The task
All of the entries below are to be copied without any alteration.
------------------------
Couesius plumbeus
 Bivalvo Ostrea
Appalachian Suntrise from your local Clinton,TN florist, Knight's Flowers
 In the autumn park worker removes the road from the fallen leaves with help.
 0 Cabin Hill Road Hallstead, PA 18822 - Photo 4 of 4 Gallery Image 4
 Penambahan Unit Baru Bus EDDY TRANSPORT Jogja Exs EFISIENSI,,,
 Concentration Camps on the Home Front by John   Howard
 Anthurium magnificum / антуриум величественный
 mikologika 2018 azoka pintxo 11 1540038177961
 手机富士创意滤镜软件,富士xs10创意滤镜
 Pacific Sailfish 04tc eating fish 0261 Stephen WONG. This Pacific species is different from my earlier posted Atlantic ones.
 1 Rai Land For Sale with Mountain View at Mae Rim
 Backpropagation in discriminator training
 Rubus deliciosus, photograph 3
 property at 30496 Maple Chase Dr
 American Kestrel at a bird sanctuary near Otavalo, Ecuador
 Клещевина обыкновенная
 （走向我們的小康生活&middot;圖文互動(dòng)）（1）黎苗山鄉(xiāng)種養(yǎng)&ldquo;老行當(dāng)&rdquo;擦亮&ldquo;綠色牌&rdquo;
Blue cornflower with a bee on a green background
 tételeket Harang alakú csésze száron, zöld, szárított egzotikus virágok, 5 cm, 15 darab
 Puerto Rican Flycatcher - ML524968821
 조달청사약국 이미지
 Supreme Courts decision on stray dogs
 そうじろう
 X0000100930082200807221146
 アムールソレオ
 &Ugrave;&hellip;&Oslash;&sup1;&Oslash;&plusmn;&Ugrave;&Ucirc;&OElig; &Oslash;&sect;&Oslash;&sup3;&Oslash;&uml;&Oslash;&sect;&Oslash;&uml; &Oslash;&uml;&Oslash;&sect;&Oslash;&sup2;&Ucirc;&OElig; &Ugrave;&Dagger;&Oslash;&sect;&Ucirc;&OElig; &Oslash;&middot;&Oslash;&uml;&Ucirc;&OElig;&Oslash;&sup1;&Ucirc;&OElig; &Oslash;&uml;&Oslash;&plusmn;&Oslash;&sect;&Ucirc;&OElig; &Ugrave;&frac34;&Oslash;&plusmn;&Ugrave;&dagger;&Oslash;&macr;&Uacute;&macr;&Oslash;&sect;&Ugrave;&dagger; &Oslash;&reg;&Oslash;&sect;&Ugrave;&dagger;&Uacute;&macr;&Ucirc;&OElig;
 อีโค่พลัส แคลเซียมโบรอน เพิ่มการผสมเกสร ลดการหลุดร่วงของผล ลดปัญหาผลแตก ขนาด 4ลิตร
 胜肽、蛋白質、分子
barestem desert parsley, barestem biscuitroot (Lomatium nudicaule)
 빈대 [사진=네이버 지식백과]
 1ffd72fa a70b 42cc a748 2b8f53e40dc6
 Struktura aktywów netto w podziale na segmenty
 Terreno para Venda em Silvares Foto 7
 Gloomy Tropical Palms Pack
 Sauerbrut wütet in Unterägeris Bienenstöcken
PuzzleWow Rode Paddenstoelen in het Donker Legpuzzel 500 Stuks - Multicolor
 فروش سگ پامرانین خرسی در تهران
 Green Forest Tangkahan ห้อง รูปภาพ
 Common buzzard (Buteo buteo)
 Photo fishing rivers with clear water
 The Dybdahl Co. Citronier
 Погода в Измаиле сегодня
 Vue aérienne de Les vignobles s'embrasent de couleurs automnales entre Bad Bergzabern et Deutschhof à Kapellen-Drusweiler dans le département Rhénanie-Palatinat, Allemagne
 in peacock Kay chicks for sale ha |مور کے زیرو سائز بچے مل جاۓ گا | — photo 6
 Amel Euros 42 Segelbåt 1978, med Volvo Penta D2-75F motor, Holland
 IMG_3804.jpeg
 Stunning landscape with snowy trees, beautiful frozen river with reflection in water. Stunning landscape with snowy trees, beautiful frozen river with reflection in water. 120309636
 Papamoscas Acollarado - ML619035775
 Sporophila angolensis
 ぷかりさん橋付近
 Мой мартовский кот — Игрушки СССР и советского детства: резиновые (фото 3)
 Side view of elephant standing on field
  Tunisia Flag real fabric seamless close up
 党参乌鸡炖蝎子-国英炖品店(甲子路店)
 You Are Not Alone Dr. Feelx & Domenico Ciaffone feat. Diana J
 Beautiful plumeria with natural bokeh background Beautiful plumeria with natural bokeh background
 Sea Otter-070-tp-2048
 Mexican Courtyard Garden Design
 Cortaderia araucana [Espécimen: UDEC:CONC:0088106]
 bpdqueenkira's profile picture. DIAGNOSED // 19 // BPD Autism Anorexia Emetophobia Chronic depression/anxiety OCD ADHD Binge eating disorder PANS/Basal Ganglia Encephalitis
------------------------
Your response
Couesius plumbeus
 Bivalvo Ostrea
Appalachian Suntrise from your local Clinton,TN florist, Knight's Flowers
 In the autumn park worker removes the road from the fallen leaves with help.
 0 Cabin Hill Road Hallstead, PA 18822 - Photo 4 of 4 Gallery Image 4
 Penambahan Unit Baru Bus EDDY TRANSPORT Jogja Exs EFISIENSI,,,
 Concentration Camps on the Home Front by John   Howard
 Anthurium magnificum / антуриум величественный
 mikologika 2018 azoka pintxo 11 1540038177961
 手机富士创意滤镜软件,富士xs10创意滤镜
 Pacific Sailfish 04tc eating fish 0261 Stephen WONG. This Pacific species is different from my earlier posted Atlantic ones.
 1 Rai Land For Sale with Mountain View at Mae Rim
 Backpropagation in discriminator training
 Rubus deliciosus, photograph 3
 property at 30496 Maple Chase Dr
 American Kestrel at a bird sanctuary near Otavalo, Ecuador
 Клещевина обыкновенная
 （走向我們的小康生活&middot;圖文互動(dòng)）（1）黎苗山鄉(xiāng)種養(yǎng)&ldquo;老行當(dāng)&rdquo;擦亮&ldquo;綠色牌&rdquo;
Blue cornflower with a bee on a green background
 tételeket Harang alakú csésze száron, zöld, szárított egzotikus virágok, 5 cm, 15 darab
 Puerto Rican Flycatcher - ML524968821
 조달청사약국 이미지
 Supreme Courts decision on stray dogs
 そうじろう
 X0000100930082200807221146
 アムールソレオ
 &Ugrave;&hellip;&Oslash;&sup1;&Oslash;&plusmn;&Ugrave;&Ucirc;&OElig; &Oslash;&sect;&Oslash;&sup3;&Oslash;&uml;&Oslash;&sect;&Oslash;&uml; &Oslash;&uml;&Oslash;&sect;&Oslash;&sup2;&Ucirc;&OElig; &Ugrave;&Dagger;&Oslash;&sect;&Ucirc;&OElig; &Oslash;&middot;&Oslash;&uml;&Ucirc;&OElig;&Oslash;&sup1;&Ucirc;&OElig; &Oslash;&uml;&Oslash;&plusmn;&Oslash;&sect;&Ucirc;&OElig; &Ugrave;&frac34;&Oslash;&plusmn;&Ugrave;&dagger;&Oslash;&macr;&Uacute;&macr;&Oslash;&sect;&Ugrave;&dagger; &Oslash;&reg;&Oslash;&sect;&Ugrave;&dagger;&Uacute;&macr;&Ucirc;&OElig;
 อีโค่พลัส แคลเซียมโบรอน เพิ่มการผสมเกสร ลดการหลุดร่วงของผล ลดปัญหาผลแตก ขนาด 4ลิตร
 胜肽、蛋白質、分子
barestem desert parsley, barestem biscuitroot (Lomatium nudicaule)
 빈대 [사진=네이버 지식백과]
 1ffd72fa a70b 42cc a748 2b8f53e40dc6
 Struktura aktywów netto w podziale na segmenty
 Terreno para Venda em Silvares Foto 7
 Gloomy Tropical Palms Pack
 Sauerbrut wütet in Unterägeris Bienenstöcken
PuzzleWow Rode Paddenstoelen in het Donker Legpuzzel 500 Stuks - Multicolor
 فروش سگ پامرانین خرسی در تهران
 Green Forest Tangkahan ห้อง รูปภาพ
 Common buzzard (Buteo buteo)
 Photo fishing rivers with clear water
 The Dybdahl Co. Citronier
 Погода в Измаиле сегодня
 Vue aérienne de Les vignobles s'embrasent de couleurs automnales entre Bad Bergzabern et Deutschhof à Kapellen-Drusweiler dans le département Rhénanie-Palatinat, Allemagne
 in peacock Kay chicks for sale ha |مور کے زیرو سائز بچے مل جاۓ گا | — photo 6
 Amel Euros 42 Segelbåt 1978, med Volvo Penta D2-75F motor, Holland
 IMG_3804.jpeg
 Stunning landscape with snowy trees, beautiful frozen river with reflection in water. Stunning landscape with snowy trees, beautiful frozen river with reflection in water. 120309636
 Papamoscas Acollarado - ML619035775
 Sporophila angolensis
 ぷかりさん橋付近
 Мой мартовский кот — Игрушки СССР и советского детства: резиновые (фото 3)
 Side view of elephant standing on field
  Tunisia Flag real fabric seamless close up
 党参乌鸡炖蝎子-国英炖品店(甲子路店)
 You Are Not Alone Dr. Feelx & Domenico Ciaffone feat. Diana J
 Beautiful plumeria with natural bokeh background Beautiful plumeria with natural bokeh background
 Sea Otter-070-tp-2048
 Mexican Courtyard Garden Design
 Cortaderia araucana [Espécimen: UDEC:CONC:0088106]
 bpdqueenkira's profile picture. DIAGNOSED // 19 // BPD Autism Anorexia Emetophobia Chronic depression/anxiety OCD ADHD Binge eating disorder PANS/Basal Ganglia Encephalitis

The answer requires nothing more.